A week later, Assistant Attorney General Abisola Fatade responded saying that her agency has acknowledged a receipt of the request.
“We are performing a diligent search for the records you request. We will notify you of the status of your request on or before October 26, 2020,” Fatade wrote on Friday, September 25th.
Vasile actually contacted our newsroom on Wednesday, July 22nd and requested for the contact information for Jen Sims, Harold Perryman and Pauline Sowa, all of whom were featured in the investigative reporting series into Elm Manor.
Initially, FingerLakes1.com contacted the Attorney General’s press office four-days after Vasile reached-out to the newsroom via email on July 26th, and still haven’t heard since that initial media request for comment regarding the ongoing investigations until Wednesday, September 30th after a phone-call captured the attention of Director of Communications Kelly Donnelly.
Editor’s Note: Read FingerLakes1.com’s FOIL request to the Office of the Attorney General which had been sent on Friday, September 18.

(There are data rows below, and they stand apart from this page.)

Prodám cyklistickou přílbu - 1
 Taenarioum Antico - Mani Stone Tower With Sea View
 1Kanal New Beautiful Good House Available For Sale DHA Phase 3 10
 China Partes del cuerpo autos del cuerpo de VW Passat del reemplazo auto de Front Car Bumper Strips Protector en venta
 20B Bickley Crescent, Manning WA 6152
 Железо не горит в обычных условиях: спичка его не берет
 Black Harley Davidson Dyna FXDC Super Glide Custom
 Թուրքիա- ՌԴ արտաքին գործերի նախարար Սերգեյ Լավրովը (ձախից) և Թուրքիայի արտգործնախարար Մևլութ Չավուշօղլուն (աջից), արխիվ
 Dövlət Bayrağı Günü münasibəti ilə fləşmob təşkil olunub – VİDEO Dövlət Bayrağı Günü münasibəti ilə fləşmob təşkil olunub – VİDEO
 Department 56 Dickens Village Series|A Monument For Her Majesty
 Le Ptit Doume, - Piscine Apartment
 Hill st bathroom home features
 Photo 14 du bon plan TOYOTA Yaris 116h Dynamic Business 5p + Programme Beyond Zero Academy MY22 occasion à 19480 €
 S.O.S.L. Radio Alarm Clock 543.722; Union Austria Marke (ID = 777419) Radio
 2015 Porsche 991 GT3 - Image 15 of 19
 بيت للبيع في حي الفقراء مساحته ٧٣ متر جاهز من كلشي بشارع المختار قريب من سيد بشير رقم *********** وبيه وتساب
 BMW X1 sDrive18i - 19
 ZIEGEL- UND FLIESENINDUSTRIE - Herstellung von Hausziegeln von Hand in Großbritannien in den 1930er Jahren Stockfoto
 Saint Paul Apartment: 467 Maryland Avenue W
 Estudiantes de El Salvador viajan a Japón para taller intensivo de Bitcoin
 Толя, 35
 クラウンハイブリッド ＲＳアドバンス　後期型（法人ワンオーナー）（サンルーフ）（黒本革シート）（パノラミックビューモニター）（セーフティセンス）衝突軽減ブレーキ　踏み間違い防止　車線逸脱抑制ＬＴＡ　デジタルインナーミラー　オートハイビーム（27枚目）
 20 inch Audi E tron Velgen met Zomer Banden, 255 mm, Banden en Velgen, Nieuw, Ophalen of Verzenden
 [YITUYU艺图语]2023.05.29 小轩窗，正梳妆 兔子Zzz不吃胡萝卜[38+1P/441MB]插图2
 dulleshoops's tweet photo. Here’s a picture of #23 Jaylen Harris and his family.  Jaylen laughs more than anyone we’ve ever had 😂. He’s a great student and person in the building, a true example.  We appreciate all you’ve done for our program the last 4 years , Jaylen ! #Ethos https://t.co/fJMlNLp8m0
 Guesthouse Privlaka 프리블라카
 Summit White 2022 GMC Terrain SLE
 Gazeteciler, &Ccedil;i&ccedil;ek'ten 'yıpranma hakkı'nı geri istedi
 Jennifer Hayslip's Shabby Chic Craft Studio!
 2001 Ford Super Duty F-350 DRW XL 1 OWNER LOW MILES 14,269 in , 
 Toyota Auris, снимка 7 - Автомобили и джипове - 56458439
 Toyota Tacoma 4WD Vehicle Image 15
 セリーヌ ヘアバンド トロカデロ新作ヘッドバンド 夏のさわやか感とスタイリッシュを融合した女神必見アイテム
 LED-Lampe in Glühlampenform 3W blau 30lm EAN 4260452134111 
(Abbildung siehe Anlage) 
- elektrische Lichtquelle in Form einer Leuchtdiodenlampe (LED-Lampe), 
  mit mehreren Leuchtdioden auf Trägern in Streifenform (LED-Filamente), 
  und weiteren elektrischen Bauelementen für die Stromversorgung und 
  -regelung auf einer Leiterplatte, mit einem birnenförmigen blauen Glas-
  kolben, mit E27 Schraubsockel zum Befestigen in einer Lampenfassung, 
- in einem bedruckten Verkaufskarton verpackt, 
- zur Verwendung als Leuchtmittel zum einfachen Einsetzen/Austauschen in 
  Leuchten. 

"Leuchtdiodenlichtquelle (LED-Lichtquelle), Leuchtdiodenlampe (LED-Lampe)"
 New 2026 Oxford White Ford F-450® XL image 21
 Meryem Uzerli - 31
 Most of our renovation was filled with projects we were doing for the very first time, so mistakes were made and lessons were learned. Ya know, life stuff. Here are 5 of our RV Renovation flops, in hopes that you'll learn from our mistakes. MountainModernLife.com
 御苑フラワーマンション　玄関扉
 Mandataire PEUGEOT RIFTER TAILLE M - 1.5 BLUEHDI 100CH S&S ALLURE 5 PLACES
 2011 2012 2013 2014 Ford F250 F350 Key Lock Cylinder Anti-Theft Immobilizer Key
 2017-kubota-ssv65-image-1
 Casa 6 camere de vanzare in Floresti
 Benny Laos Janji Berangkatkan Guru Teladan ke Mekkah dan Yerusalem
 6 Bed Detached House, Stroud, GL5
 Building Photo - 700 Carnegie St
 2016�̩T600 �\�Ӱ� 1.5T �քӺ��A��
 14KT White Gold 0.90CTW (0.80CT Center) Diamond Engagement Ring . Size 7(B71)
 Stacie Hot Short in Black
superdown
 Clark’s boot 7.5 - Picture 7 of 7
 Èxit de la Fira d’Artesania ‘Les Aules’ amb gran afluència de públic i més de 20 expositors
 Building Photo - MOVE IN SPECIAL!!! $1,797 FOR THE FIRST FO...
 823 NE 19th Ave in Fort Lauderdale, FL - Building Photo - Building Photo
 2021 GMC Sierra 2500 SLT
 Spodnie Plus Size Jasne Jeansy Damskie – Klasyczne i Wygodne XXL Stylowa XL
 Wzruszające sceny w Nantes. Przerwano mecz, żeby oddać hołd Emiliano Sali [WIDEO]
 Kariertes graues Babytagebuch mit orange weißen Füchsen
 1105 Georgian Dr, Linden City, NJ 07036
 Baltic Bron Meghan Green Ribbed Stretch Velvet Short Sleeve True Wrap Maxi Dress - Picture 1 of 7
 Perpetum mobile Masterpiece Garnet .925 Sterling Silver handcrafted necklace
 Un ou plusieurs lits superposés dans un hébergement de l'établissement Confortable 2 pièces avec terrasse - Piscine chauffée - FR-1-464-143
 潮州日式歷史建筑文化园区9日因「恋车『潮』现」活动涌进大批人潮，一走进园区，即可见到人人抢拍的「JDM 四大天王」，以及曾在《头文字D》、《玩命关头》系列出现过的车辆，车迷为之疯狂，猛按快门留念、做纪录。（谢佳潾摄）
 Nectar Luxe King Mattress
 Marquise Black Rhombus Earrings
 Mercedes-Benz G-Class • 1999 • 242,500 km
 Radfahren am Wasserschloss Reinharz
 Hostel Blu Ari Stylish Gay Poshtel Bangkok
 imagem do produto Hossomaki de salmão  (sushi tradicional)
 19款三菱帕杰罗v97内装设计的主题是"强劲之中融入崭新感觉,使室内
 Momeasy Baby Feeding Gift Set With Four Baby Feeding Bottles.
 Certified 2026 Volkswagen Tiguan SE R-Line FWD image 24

“Art Vasile, an investigator for the Attorney General’s office contacted FingerLakes1.com on Wednesday, July 22, 2020. He inquired and asked us to provide the contact information for multiple sources from an investigative series on nursing home elder abuse cases in Canandaigua. Since then, Vasile has interviewed several sources, including the families of victims in these alleged cases of elder abuse: Harold Perryman, Jen Sims and Pauline Sowa, to name just a few. From my understanding, his investigations on behalf of the Attorney General office have been completed for a period of a few months now. Therefore, I request for the full investigation reports that were drafted by Vasile this summer regarding the cases of Beatrice “Bea” Perryman and William “Bill” Vishneski Sr. from the Elm Manor Rehabilitation and Nursing Center. This request includes any and all records relating to Beatrice “Bea” Perryman and William “Bill” Vishneski as it pertains to their stays at Elm Manor.”